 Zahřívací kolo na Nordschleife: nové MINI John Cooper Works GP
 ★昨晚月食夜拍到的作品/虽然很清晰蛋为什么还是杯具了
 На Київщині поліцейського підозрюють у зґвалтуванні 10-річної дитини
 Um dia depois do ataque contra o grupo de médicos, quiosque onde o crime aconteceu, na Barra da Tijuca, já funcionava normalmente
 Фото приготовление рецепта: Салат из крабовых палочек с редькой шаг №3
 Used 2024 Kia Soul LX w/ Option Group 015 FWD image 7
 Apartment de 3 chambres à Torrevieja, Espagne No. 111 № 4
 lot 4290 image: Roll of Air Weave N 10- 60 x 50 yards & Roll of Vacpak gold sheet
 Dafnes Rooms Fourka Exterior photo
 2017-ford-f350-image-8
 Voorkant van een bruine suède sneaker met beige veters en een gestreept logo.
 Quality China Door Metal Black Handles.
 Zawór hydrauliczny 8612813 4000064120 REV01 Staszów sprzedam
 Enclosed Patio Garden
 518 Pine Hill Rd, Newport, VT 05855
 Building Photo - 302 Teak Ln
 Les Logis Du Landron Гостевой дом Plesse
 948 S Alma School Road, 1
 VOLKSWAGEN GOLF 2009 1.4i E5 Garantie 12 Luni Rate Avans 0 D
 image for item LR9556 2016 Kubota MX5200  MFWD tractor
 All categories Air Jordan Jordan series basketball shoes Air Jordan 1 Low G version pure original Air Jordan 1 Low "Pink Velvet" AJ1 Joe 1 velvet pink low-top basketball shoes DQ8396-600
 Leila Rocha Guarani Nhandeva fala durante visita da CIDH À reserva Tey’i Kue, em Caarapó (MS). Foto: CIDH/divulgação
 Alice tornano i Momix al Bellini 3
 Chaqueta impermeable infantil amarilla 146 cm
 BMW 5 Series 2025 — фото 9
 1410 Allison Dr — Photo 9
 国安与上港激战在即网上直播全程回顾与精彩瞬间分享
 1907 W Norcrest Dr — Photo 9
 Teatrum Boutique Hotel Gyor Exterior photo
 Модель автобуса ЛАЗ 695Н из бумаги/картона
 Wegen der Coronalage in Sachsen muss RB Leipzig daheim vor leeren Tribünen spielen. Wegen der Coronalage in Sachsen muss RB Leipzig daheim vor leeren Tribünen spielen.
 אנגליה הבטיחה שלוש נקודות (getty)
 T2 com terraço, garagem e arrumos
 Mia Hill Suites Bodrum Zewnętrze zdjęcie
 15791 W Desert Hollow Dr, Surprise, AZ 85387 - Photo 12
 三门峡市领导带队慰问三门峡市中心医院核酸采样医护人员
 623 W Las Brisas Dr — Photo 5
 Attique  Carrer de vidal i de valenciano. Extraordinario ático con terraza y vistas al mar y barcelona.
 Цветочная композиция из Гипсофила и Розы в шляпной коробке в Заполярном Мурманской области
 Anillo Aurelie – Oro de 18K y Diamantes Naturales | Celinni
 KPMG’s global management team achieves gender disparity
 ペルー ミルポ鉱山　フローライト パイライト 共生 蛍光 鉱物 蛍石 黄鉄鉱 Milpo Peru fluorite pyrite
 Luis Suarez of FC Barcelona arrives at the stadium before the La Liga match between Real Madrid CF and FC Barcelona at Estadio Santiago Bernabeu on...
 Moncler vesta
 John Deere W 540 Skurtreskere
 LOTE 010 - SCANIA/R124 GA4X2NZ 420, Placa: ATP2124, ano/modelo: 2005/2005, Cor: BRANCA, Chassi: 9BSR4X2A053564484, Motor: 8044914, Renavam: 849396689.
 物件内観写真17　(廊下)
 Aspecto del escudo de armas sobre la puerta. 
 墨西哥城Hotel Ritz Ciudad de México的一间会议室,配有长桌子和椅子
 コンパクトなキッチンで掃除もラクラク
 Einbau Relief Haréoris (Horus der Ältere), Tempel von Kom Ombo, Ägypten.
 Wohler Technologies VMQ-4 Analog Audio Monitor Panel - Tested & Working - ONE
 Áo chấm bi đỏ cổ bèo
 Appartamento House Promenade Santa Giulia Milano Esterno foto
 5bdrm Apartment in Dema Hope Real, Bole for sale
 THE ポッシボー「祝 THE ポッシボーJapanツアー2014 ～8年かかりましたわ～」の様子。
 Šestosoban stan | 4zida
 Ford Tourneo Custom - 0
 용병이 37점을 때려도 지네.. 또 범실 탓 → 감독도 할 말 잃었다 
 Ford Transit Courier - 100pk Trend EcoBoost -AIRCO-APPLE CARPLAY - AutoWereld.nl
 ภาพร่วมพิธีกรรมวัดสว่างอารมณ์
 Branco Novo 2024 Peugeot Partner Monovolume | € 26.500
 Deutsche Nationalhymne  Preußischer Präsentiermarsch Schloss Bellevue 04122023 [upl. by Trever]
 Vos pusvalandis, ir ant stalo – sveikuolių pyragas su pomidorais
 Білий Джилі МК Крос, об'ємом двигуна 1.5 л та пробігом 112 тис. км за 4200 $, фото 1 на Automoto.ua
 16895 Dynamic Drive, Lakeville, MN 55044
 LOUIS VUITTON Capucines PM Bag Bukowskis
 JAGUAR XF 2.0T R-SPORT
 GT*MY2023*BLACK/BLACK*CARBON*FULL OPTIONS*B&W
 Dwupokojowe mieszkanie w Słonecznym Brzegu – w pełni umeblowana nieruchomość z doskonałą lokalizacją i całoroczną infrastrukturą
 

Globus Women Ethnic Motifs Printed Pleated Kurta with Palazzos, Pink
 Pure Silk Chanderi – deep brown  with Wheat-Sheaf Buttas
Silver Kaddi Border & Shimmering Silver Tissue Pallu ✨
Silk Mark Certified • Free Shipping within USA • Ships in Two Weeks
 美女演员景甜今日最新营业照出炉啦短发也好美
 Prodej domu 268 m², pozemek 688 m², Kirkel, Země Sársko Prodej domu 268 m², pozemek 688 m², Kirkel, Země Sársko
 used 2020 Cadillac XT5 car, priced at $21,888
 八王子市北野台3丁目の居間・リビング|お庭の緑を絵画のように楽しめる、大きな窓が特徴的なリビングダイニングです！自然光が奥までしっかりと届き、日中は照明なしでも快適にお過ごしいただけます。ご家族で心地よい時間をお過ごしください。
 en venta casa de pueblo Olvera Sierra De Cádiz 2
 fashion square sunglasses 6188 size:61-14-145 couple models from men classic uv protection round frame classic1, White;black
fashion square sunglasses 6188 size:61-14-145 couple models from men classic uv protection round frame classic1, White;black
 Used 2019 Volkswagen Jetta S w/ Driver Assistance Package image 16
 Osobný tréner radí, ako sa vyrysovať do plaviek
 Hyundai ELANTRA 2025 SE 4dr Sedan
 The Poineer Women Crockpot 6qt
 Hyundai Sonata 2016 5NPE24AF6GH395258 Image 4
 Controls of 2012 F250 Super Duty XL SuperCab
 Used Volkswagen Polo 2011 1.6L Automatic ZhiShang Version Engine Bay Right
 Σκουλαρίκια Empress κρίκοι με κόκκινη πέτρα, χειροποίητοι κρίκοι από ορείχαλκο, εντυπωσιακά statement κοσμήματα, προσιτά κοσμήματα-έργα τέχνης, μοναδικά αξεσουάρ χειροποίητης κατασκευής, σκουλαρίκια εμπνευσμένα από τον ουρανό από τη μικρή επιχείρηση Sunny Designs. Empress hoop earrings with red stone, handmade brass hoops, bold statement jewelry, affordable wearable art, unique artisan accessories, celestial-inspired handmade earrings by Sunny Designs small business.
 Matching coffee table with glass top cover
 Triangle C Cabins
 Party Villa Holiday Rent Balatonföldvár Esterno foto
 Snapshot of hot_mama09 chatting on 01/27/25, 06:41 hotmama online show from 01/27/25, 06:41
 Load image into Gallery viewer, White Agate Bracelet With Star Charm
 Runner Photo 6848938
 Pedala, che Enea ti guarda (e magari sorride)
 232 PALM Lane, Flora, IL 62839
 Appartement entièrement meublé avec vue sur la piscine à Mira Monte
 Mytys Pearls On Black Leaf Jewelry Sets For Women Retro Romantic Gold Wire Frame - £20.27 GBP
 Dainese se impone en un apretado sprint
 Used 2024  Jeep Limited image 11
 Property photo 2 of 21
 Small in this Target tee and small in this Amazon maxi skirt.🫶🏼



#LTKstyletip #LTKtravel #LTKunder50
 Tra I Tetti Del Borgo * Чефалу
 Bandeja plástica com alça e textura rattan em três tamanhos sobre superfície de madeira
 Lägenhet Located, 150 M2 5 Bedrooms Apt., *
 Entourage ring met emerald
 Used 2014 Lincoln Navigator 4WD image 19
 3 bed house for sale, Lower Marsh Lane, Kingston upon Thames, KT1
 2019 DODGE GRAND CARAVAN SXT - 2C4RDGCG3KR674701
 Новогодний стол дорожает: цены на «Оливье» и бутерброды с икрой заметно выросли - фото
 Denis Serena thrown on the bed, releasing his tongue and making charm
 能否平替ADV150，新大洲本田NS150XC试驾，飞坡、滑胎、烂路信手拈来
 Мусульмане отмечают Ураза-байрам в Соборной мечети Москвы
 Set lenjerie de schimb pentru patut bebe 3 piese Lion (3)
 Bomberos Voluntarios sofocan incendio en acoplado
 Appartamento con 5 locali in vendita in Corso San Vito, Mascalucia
____________________
**Required action:**
All lines in the records above that contain "sale" are to be reported.

**Solution to this problem:**
 5bdrm Apartment in Dema Hope Real, Bole for sale
 3 bed house for sale, Lower Marsh Lane, Kingston upon Thames, KT1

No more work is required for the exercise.